(Extracted data entries)
= = = = =
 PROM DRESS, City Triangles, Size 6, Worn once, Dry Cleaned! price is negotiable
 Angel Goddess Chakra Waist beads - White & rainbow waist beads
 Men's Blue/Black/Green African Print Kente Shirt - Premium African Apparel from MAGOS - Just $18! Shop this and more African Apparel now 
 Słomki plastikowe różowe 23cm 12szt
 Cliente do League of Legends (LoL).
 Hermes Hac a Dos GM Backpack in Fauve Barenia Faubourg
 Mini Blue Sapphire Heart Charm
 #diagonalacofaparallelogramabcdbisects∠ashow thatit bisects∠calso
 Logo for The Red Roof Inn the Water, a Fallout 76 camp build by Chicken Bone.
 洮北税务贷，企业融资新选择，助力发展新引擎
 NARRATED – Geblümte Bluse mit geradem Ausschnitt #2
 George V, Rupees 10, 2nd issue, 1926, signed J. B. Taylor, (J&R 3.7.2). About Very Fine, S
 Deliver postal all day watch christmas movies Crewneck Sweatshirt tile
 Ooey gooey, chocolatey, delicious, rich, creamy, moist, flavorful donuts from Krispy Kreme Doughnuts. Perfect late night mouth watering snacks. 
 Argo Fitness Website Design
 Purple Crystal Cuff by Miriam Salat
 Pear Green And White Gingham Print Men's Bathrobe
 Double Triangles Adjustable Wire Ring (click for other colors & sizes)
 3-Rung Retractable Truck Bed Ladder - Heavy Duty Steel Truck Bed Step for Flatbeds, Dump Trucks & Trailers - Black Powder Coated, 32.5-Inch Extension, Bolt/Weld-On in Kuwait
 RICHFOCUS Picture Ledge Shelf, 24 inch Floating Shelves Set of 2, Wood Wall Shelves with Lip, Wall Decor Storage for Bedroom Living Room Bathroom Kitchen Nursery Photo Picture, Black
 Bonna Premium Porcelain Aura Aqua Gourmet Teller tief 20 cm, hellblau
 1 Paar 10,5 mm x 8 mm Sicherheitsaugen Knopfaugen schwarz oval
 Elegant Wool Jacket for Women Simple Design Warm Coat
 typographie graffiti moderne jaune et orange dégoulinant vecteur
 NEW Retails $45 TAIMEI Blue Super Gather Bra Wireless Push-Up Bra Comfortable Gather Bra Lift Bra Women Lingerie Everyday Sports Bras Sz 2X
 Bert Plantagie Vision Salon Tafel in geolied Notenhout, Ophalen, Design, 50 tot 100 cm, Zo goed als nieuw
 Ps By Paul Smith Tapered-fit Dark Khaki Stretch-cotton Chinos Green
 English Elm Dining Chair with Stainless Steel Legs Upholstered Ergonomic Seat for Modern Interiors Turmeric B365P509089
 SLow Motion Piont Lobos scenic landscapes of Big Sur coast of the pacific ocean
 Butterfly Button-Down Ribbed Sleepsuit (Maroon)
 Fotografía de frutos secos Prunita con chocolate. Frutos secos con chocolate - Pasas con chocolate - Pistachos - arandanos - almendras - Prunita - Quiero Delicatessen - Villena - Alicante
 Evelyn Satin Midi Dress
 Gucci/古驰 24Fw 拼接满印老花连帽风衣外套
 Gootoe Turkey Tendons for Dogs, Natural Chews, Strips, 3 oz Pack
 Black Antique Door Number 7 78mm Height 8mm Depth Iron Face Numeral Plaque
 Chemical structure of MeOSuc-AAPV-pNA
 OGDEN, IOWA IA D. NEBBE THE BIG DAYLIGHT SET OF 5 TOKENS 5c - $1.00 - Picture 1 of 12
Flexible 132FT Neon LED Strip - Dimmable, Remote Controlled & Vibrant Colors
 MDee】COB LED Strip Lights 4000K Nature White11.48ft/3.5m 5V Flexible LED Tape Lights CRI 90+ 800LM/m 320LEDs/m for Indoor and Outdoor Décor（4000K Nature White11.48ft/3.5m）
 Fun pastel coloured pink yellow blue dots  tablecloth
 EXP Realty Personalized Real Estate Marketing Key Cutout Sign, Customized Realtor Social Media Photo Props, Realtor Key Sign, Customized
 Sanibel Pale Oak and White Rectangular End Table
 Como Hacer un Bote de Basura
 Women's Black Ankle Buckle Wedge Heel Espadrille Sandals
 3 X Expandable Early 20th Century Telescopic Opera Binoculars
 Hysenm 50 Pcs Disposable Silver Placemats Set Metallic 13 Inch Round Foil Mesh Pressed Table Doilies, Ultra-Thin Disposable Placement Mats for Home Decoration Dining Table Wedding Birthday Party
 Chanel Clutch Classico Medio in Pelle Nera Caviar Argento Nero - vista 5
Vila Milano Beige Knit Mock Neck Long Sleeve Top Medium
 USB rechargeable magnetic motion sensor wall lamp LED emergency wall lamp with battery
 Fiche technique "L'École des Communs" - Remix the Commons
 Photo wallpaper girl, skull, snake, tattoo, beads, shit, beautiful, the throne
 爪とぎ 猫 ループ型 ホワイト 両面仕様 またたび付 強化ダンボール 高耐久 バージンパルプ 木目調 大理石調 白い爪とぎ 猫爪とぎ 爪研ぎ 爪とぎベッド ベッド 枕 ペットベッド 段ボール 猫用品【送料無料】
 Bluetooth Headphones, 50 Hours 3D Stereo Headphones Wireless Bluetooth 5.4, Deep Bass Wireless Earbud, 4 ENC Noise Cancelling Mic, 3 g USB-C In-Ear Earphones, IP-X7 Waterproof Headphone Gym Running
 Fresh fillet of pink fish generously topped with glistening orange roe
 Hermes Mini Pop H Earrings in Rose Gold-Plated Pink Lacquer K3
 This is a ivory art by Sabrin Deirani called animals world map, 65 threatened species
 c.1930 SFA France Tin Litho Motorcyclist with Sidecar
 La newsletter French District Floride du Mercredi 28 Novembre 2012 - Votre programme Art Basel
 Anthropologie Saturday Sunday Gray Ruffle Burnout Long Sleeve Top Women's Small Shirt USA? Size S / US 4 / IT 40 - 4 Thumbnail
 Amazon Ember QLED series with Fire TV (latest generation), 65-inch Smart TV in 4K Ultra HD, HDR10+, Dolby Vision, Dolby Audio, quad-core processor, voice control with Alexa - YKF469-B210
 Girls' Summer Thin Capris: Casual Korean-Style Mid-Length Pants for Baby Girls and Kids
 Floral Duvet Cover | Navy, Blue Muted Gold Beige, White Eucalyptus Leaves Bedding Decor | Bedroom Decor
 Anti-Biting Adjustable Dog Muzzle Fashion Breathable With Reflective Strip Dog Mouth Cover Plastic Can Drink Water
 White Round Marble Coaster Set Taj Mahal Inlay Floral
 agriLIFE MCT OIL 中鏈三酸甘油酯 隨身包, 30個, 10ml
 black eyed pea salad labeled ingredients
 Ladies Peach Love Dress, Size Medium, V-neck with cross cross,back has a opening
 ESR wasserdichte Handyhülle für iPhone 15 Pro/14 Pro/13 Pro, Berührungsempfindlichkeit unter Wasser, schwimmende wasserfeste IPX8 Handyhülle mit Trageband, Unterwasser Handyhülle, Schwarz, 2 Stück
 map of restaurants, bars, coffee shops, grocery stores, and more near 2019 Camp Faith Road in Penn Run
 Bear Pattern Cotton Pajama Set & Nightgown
= = = = =
TASK DIRECTIONS: Nothing but an exact copy of the records belongs in the answer.

WRITTEN RESPONSE:
 PROM DRESS, City Triangles, Size 6, Worn once, Dry Cleaned! price is negotiable
 Angel Goddess Chakra Waist beads - White & rainbow waist beads
 Men's Blue/Black/Green African Print Kente Shirt - Premium African Apparel from MAGOS - Just $18! Shop this and more African Apparel now 
 Słomki plastikowe różowe 23cm 12szt
 Cliente do League of Legends (LoL).
 Hermes Hac a Dos GM Backpack in Fauve Barenia Faubourg
 Mini Blue Sapphire Heart Charm
 #diagonalacofaparallelogramabcdbisects∠ashow thatit bisects∠calso
 Logo for The Red Roof Inn the Water, a Fallout 76 camp build by Chicken Bone.
 洮北税务贷，企业融资新选择，助力发展新引擎
 NARRATED – Geblümte Bluse mit geradem Ausschnitt #2
 George V, Rupees 10, 2nd issue, 1926, signed J. B. Taylor, (J&R 3.7.2). About Very Fine, S
 Deliver postal all day watch christmas movies Crewneck Sweatshirt tile
 Ooey gooey, chocolatey, delicious, rich, creamy, moist, flavorful donuts from Krispy Kreme Doughnuts. Perfect late night mouth watering snacks. 
 Argo Fitness Website Design
 Purple Crystal Cuff by Miriam Salat
 Pear Green And White Gingham Print Men's Bathrobe
 Double Triangles Adjustable Wire Ring (click for other colors & sizes)
 3-Rung Retractable Truck Bed Ladder - Heavy Duty Steel Truck Bed Step for Flatbeds, Dump Trucks & Trailers - Black Powder Coated, 32.5-Inch Extension, Bolt/Weld-On in Kuwait
 RICHFOCUS Picture Ledge Shelf, 24 inch Floating Shelves Set of 2, Wood Wall Shelves with Lip, Wall Decor Storage for Bedroom Living Room Bathroom Kitchen Nursery Photo Picture, Black
 Bonna Premium Porcelain Aura Aqua Gourmet Teller tief 20 cm, hellblau
 1 Paar 10,5 mm x 8 mm Sicherheitsaugen Knopfaugen schwarz oval
 Elegant Wool Jacket for Women Simple Design Warm Coat
 typographie graffiti moderne jaune et orange dégoulinant vecteur
 NEW Retails $45 TAIMEI Blue Super Gather Bra Wireless Push-Up Bra Comfortable Gather Bra Lift Bra Women Lingerie Everyday Sports Bras Sz 2X
 Bert Plantagie Vision Salon Tafel in geolied Notenhout, Ophalen, Design, 50 tot 100 cm, Zo goed als nieuw
 Ps By Paul Smith Tapered-fit Dark Khaki Stretch-cotton Chinos Green
 English Elm Dining Chair with Stainless Steel Legs Upholstered Ergonomic Seat for Modern Interiors Turmeric B365P509089
 SLow Motion Piont Lobos scenic landscapes of Big Sur coast of the pacific ocean
 Butterfly Button-Down Ribbed Sleepsuit (Maroon)
 Fotografía de frutos secos Prunita con chocolate. Frutos secos con chocolate - Pasas con chocolate - Pistachos - arandanos - almendras - Prunita - Quiero Delicatessen - Villena - Alicante
 Evelyn Satin Midi Dress
 Gucci/古驰 24Fw 拼接满印老花连帽风衣外套
 Gootoe Turkey Tendons for Dogs, Natural Chews, Strips, 3 oz Pack
 Black Antique Door Number 7 78mm Height 8mm Depth Iron Face Numeral Plaque
 Chemical structure of MeOSuc-AAPV-pNA
 OGDEN, IOWA IA D. NEBBE THE BIG DAYLIGHT SET OF 5 TOKENS 5c - $1.00 - Picture 1 of 12
Flexible 132FT Neon LED Strip - Dimmable, Remote Controlled & Vibrant Colors
 MDee】COB LED Strip Lights 4000K Nature White11.48ft/3.5m 5V Flexible LED Tape Lights CRI 90+ 800LM/m 320LEDs/m for Indoor and Outdoor Décor（4000K Nature White11.48ft/3.5m）
 Fun pastel coloured pink yellow blue dots  tablecloth
 EXP Realty Personalized Real Estate Marketing Key Cutout Sign, Customized Realtor Social Media Photo Props, Realtor Key Sign, Customized
 Sanibel Pale Oak and White Rectangular End Table
 Como Hacer un Bote de Basura
 Women's Black Ankle Buckle Wedge Heel Espadrille Sandals
 3 X Expandable Early 20th Century Telescopic Opera Binoculars
 Hysenm 50 Pcs Disposable Silver Placemats Set Metallic 13 Inch Round Foil Mesh Pressed Table Doilies, Ultra-Thin Disposable Placement Mats for Home Decoration Dining Table Wedding Birthday Party
 Chanel Clutch Classico Medio in Pelle Nera Caviar Argento Nero - vista 5
Vila Milano Beige Knit Mock Neck Long Sleeve Top Medium
 USB rechargeable magnetic motion sensor wall lamp LED emergency wall lamp with battery
 Fiche technique "L'École des Communs" - Remix the Commons
 Photo wallpaper girl, skull, snake, tattoo, beads, shit, beautiful, the throne
 爪とぎ 猫 ループ型 ホワイト 両面仕様 またたび付 強化ダンボール 高耐久 バージンパルプ 木目調 大理石調 白い爪とぎ 猫爪とぎ 爪研ぎ 爪とぎベッド ベッド 枕 ペットベッド 段ボール 猫用品【送料無料】
 Bluetooth Headphones, 50 Hours 3D Stereo Headphones Wireless Bluetooth 5.4, Deep Bass Wireless Earbud, 4 ENC Noise Cancelling Mic, 3 g USB-C In-Ear Earphones, IP-X7 Waterproof Headphone Gym Running
 Fresh fillet of pink fish generously topped with glistening orange roe
 Hermes Mini Pop H Earrings in Rose Gold-Plated Pink Lacquer K3
 This is a ivory art by Sabrin Deirani called animals world map, 65 threatened species
 c.1930 SFA France Tin Litho Motorcyclist with Sidecar
 La newsletter French District Floride du Mercredi 28 Novembre 2012 - Votre programme Art Basel
 Anthropologie Saturday Sunday Gray Ruffle Burnout Long Sleeve Top Women's Small Shirt USA? Size S / US 4 / IT 40 - 4 Thumbnail
 Amazon Ember QLED series with Fire TV (latest generation), 65-inch Smart TV in 4K Ultra HD, HDR10+, Dolby Vision, Dolby Audio, quad-core processor, voice control with Alexa - YKF469-B210
 Girls' Summer Thin Capris: Casual Korean-Style Mid-Length Pants for Baby Girls and Kids
 Floral Duvet Cover | Navy, Blue Muted Gold Beige, White Eucalyptus Leaves Bedding Decor | Bedroom Decor
 Anti-Biting Adjustable Dog Muzzle Fashion Breathable With Reflective Strip Dog Mouth Cover Plastic Can Drink Water
 White Round Marble Coaster Set Taj Mahal Inlay Floral
 agriLIFE MCT OIL 中鏈三酸甘油酯 隨身包, 30個, 10ml
 black eyed pea salad labeled ingredients
 Ladies Peach Love Dress, Size Medium, V-neck with cross cross,back has a opening
 ESR wasserdichte Handyhülle für iPhone 15 Pro/14 Pro/13 Pro, Berührungsempfindlichkeit unter Wasser, schwimmende wasserfeste IPX8 Handyhülle mit Trageband, Unterwasser Handyhülle, Schwarz, 2 Stück
 map of restaurants, bars, coffee shops, grocery stores, and more near 2019 Camp Faith Road in Penn Run
 Bear Pattern Cotton Pajama Set & Nightgown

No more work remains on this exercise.